La Commission européenne a maintenu cette appréciation nuancée de la situation économique locale lors de sa présentation à la mi-décembre 2013 des résultats de sa quatrième mission de surveillance post-programme 9 ( * ) . La Hongrie a en effet bénéficié d'un programme d'assistance financière de l'Union européenne, accordé en novembre 2008, de 5,5 milliards d'euros. Les deux dernières tranches seront ainsi remboursés en novembre 2014 (2 milliards d'euros), puis au premier semestre 2016 (1,5 milliard d'euros).

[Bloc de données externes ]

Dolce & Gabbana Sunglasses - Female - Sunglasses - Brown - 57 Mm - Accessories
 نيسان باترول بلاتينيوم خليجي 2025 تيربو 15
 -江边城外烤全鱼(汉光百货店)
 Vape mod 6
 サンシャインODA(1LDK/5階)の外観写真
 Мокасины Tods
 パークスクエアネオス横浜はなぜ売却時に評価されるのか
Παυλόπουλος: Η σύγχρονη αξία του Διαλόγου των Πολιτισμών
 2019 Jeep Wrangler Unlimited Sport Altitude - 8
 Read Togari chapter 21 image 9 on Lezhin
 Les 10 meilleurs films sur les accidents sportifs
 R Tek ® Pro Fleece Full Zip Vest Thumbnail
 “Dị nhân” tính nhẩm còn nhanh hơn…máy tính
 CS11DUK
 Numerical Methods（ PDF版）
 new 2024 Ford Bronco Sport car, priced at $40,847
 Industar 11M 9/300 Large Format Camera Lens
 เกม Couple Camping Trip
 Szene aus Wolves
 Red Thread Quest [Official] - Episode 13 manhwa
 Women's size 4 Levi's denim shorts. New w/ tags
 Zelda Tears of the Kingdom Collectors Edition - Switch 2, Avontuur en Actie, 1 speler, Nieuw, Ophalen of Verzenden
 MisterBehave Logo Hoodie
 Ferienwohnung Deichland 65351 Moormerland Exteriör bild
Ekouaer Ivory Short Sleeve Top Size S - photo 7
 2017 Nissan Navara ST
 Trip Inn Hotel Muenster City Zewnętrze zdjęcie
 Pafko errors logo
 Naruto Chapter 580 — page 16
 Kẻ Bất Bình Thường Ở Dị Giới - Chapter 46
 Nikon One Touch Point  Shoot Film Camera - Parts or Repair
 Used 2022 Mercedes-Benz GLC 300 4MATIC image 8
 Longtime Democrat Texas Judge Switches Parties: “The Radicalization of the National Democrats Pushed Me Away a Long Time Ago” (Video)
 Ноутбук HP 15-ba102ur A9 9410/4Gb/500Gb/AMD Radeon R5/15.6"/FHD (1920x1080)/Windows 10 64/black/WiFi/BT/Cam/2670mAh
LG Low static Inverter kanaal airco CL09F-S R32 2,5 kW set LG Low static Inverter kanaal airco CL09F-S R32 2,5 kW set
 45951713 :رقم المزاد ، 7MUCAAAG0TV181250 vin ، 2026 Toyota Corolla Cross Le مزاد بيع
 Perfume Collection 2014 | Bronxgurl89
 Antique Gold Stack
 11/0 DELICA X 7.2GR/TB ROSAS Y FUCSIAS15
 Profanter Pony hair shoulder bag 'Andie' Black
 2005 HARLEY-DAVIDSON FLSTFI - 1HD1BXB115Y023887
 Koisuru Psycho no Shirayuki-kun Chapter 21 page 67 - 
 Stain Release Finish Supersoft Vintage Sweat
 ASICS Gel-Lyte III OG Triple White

Aux yeux de la Commission, les coûts de financement de l'économie restent élevés alors que le niveau de la dette reste inquiétant si on la rapproche des capacités fiscales. Elle fait, par ailleurs, figure d'exception dans ce domaine dans la région. Les faibles niveaux d'investissement mais aussi de productivité qu'elle relève devraient contribuer à modérer la croissance du pays attendue en 2015 (+ 2,1 %). La croissance potentielle est affectée par la politique gouvernementale, jugée par la Commission, pour partie, défavorable au marché. L'incertitude de l'environnement juridique est également mise en avant par Bruxelles. La situation du secteur financier suscite à ce titre une certaine inquiétude. Si la Commission relève que les banques ne souffrent pas de problèmes de liquidités, elle estime que la fiscalité pesant sur les établissements bancaires demeure trop lourde. Elle note également que les créances douteuses demeurent importantes et fragilisent toute perspective à long terme. Elle s'interroge enfin sur le maintien de prêts spécifiques à destination des petites et moyennes entreprises qui ne favoriserait pas, selon elle, un assainissement durable de l'économie. Le « Funding for growth scheme » devrait demeurer une mesure temporaire et ciblée sur des projets valables.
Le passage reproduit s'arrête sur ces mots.